The remark suggests that she is prepared to make concessions to the Christian Social Union, the Bavarian sister party to her conservative Christian Democrats. The CSU has been calling for tax cuts to help avert recession.

Also, from Singapore, “Prime Minister Lee Hsien Loong’s New Year’s Day Message“:

8. Apart from these two measures, we also lowered corporate taxes in 2008. New enterprises and smaller companies enjoy further tax exemptions, which mean that many pay little or no taxes. For households, the 2008 Budget package included Growth Dividends, U-SAVE, S&CC and Rental Rebates, and top-ups to Post-Secondary Education Accounts. These schemes are helping Singaporeans, particularly lower income families, to tide over the difficult period.

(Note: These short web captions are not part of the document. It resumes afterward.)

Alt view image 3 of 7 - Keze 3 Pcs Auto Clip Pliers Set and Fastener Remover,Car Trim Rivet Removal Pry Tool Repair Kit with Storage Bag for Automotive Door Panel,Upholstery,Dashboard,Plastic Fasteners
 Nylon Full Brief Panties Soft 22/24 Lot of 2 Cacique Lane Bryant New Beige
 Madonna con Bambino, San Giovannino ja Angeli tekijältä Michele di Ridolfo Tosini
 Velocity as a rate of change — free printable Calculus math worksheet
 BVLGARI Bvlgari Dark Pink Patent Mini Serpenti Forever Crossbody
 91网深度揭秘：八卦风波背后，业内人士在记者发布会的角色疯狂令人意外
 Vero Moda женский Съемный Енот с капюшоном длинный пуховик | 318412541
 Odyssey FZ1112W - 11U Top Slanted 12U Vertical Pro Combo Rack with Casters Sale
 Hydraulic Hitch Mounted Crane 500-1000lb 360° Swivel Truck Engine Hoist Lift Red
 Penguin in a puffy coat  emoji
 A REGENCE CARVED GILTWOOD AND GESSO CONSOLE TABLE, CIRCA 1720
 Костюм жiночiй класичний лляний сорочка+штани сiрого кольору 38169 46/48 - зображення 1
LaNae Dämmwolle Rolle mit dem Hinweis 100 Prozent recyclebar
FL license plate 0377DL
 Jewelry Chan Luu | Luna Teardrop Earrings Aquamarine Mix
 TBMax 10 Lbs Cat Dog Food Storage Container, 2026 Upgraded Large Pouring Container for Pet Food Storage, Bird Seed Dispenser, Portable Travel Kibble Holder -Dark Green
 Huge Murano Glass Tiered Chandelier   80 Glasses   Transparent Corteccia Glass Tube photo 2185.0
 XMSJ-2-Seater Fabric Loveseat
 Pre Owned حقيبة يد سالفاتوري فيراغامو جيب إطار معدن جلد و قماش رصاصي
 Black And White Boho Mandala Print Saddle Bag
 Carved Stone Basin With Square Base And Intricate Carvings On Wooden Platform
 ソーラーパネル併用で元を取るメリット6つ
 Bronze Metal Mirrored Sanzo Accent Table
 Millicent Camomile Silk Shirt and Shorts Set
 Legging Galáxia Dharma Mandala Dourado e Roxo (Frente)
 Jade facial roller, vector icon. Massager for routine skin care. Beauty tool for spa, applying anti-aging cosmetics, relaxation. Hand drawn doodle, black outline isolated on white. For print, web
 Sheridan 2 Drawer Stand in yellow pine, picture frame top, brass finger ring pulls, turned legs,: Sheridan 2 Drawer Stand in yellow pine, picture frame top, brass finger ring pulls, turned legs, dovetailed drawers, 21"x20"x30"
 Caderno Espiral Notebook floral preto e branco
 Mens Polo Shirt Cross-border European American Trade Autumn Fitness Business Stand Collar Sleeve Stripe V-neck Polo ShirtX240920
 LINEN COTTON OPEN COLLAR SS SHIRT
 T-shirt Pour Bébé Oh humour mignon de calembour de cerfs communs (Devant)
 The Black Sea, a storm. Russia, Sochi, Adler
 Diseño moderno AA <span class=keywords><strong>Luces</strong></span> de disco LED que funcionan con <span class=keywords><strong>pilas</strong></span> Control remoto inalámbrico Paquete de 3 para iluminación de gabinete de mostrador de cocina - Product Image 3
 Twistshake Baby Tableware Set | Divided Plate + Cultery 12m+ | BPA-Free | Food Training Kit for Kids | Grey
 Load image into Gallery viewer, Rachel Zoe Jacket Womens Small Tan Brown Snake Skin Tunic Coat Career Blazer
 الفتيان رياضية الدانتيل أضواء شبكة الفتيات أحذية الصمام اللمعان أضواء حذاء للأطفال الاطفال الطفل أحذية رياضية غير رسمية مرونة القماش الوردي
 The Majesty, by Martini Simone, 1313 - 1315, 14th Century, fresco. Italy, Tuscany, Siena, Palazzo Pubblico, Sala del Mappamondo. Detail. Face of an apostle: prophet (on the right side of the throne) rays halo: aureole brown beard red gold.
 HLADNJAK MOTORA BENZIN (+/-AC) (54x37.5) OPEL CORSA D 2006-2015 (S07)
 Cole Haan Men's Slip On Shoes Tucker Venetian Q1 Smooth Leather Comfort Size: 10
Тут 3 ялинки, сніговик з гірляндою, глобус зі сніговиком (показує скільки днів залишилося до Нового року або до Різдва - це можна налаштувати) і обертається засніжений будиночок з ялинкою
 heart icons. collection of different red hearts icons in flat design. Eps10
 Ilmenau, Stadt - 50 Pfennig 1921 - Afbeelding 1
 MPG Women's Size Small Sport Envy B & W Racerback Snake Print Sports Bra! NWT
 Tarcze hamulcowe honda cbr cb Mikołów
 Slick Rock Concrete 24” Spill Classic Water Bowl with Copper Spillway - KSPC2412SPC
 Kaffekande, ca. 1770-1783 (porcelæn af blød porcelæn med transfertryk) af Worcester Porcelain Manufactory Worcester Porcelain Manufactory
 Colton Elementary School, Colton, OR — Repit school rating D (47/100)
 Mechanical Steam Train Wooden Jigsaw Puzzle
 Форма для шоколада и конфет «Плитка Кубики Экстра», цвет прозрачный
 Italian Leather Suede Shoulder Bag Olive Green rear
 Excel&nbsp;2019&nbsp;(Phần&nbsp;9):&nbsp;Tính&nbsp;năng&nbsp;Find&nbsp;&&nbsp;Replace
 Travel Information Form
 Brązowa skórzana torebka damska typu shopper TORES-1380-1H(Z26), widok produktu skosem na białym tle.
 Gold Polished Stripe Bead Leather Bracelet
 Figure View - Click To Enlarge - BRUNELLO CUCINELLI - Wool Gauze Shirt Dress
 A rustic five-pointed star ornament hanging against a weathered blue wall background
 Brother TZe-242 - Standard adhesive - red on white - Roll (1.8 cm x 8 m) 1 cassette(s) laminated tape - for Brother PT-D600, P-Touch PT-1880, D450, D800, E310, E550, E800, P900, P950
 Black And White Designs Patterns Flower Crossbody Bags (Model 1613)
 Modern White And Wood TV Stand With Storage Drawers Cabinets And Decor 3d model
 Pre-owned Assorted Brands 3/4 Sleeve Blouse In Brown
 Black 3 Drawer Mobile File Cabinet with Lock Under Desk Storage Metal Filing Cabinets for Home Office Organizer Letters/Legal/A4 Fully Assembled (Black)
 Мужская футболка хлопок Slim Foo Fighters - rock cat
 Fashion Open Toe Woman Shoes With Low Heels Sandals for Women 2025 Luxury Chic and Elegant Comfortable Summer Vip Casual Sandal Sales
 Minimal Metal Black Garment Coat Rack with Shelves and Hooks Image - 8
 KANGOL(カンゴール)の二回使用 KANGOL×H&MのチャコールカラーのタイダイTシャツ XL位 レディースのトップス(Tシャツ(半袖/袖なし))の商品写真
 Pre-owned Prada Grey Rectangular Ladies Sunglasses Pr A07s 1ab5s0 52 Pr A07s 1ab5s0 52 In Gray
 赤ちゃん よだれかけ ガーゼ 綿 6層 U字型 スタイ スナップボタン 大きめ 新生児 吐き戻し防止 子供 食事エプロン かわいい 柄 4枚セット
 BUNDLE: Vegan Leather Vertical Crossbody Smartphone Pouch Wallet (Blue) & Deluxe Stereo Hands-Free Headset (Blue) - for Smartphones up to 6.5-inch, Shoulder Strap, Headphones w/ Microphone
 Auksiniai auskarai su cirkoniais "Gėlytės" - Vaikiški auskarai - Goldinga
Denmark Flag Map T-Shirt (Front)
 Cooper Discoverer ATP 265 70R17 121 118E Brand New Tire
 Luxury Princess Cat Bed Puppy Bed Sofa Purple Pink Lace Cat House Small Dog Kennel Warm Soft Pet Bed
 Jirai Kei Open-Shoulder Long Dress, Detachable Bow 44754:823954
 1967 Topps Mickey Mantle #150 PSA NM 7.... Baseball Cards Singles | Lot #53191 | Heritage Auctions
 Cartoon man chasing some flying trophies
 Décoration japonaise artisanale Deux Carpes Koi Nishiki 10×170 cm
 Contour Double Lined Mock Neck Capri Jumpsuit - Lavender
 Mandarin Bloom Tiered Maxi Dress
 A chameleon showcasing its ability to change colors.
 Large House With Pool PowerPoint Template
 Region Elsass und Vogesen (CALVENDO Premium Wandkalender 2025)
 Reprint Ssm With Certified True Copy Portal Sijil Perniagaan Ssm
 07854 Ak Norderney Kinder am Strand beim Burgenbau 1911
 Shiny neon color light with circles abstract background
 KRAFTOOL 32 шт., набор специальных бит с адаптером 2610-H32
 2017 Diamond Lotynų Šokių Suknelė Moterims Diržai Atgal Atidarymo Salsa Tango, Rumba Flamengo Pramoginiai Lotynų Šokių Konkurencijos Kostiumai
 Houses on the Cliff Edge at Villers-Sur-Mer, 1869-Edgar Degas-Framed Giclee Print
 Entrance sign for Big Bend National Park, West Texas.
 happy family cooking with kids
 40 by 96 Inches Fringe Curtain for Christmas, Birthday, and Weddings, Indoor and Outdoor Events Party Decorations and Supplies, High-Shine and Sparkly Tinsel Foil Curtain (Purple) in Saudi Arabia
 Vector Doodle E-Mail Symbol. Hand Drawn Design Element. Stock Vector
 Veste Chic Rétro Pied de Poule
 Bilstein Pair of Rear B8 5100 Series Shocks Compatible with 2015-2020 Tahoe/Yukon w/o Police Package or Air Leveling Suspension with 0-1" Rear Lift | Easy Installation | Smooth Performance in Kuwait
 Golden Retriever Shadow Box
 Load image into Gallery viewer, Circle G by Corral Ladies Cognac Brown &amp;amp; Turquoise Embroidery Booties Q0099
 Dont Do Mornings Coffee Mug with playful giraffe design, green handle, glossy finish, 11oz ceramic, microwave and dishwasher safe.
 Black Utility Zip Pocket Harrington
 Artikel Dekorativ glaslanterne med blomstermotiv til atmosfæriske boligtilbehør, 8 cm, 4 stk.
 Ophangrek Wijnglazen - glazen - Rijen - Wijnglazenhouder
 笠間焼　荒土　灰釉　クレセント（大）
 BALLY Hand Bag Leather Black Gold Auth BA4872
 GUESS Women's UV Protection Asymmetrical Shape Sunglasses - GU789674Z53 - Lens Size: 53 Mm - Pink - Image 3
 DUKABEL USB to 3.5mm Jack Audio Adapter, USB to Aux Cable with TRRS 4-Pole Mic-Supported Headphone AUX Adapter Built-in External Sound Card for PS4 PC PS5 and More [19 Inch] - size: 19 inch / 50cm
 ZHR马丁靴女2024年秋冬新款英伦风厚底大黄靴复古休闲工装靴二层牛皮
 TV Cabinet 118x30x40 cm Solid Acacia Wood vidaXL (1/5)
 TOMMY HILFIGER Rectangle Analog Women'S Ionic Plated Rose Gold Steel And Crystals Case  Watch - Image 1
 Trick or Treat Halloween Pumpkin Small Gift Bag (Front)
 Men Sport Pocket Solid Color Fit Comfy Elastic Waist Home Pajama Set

From an editorial, Investor’s Business Daily, “Memo To Obama: Cut Taxes For All“:

If Obama is serious about getting the economy going again, he could do a number of things — and right away, not years from now, as with the $675 billion to $775 billion he plans to spend on infrastructure and imaginary “green jobs.” These steps would include:

• Cutting corporate tax rates. U.S. businesses pay a top rate of 35% on income. That rises to 40% when you add in state taxes. In Europe, the average corporate tax in 2007 was 24.2%, according to the international consultancy KPMG.

Is it any wonder some of our most successful corporations move offshore? Cutting corporate taxes even to 25% would improve investment returns — and lead to more jobs and output.

Want to spur investment? Cut capital gains rates, too.